» WHAT YOU WILL DO:
Whenever the string "near" appears in a line below, please copy the line out.
··· RECORDED INFORMATION ···
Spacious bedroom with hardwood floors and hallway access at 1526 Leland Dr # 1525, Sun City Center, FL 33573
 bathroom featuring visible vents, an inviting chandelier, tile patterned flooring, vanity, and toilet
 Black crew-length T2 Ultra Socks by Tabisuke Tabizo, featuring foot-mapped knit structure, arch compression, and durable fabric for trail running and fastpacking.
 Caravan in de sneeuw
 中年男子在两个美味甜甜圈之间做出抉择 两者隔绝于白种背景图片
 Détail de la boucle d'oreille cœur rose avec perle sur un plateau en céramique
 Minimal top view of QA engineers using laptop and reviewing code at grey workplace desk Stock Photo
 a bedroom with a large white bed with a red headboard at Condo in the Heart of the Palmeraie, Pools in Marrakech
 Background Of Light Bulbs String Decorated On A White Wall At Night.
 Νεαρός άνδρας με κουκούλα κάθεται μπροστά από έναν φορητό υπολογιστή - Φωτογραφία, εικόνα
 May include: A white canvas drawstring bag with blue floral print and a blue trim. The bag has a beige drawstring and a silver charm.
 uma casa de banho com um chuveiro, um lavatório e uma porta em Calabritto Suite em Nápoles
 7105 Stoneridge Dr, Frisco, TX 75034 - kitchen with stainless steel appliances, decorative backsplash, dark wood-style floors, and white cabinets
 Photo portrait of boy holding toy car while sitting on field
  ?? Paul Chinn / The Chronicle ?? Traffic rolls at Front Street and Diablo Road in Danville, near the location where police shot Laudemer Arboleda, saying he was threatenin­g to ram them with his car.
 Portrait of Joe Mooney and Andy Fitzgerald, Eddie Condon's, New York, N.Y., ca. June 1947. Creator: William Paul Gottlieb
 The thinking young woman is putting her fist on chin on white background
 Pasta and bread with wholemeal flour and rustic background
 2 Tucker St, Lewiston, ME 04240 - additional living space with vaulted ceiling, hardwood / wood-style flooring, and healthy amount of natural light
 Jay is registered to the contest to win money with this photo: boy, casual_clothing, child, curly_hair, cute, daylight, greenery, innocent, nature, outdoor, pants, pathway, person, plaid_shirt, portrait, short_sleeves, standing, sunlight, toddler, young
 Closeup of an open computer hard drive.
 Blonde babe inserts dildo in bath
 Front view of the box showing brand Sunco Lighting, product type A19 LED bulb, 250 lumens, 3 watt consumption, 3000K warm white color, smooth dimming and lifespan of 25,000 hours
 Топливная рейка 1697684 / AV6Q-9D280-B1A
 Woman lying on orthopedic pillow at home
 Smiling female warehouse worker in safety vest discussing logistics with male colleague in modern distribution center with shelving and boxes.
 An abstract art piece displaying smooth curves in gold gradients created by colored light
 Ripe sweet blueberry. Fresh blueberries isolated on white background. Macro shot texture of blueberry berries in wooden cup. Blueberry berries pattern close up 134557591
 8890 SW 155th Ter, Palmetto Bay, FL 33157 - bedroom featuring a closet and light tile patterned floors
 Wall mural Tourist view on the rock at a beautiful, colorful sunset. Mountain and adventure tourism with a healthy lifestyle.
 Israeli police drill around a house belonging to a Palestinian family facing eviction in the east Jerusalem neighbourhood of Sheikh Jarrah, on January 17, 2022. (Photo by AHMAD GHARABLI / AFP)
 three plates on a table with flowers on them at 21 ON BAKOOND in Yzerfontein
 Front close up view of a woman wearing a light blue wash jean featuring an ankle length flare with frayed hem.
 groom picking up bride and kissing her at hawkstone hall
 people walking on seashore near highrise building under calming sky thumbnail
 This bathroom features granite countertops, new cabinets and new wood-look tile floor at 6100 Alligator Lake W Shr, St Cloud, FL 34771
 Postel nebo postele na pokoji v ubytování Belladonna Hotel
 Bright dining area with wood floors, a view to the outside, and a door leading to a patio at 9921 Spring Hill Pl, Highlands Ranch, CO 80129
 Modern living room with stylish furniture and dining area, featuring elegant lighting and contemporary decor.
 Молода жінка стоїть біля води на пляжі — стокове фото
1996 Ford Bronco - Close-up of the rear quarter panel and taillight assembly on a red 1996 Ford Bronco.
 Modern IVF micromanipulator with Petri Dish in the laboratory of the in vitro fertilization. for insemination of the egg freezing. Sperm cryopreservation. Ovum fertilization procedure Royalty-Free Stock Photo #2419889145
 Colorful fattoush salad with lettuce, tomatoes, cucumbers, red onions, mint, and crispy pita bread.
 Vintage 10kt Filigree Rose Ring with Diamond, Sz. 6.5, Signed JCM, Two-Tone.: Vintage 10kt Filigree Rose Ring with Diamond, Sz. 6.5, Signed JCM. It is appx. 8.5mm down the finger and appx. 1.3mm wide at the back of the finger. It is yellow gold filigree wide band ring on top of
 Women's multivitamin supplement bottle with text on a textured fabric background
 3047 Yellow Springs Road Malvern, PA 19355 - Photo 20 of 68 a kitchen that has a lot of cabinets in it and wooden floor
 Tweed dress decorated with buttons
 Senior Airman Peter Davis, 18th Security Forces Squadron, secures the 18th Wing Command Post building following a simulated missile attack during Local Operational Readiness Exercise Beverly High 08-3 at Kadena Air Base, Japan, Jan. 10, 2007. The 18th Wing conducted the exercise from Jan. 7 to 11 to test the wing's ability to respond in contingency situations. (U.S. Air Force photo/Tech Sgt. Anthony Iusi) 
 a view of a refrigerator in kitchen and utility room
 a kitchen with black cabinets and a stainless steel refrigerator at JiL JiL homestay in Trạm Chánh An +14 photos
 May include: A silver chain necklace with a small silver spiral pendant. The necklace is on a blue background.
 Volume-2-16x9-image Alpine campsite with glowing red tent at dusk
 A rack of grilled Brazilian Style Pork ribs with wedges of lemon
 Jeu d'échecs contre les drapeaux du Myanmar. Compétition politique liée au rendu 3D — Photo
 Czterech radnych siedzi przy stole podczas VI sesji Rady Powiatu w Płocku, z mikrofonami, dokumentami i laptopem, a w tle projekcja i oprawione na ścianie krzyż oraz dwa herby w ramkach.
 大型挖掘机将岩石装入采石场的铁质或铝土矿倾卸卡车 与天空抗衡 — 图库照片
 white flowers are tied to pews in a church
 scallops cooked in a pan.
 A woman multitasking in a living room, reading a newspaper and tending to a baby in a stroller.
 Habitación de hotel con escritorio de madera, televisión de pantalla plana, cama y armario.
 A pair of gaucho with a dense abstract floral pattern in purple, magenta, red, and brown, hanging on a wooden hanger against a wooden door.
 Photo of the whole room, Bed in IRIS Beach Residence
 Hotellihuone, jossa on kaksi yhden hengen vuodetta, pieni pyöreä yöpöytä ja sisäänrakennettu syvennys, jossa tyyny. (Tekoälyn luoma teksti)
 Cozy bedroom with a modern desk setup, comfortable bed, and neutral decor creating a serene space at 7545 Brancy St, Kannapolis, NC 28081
···
» RESULT FOR THIS TASK:
  ?? Paul Chinn / The Chronicle ?? Traffic rolls at Front Street and Diablo Road in Danville, near the location where police shot Laudemer Arboleda, saying he was threatenin­g to ram them with his car.
 people walking on seashore near highrise building under calming sky thumbnail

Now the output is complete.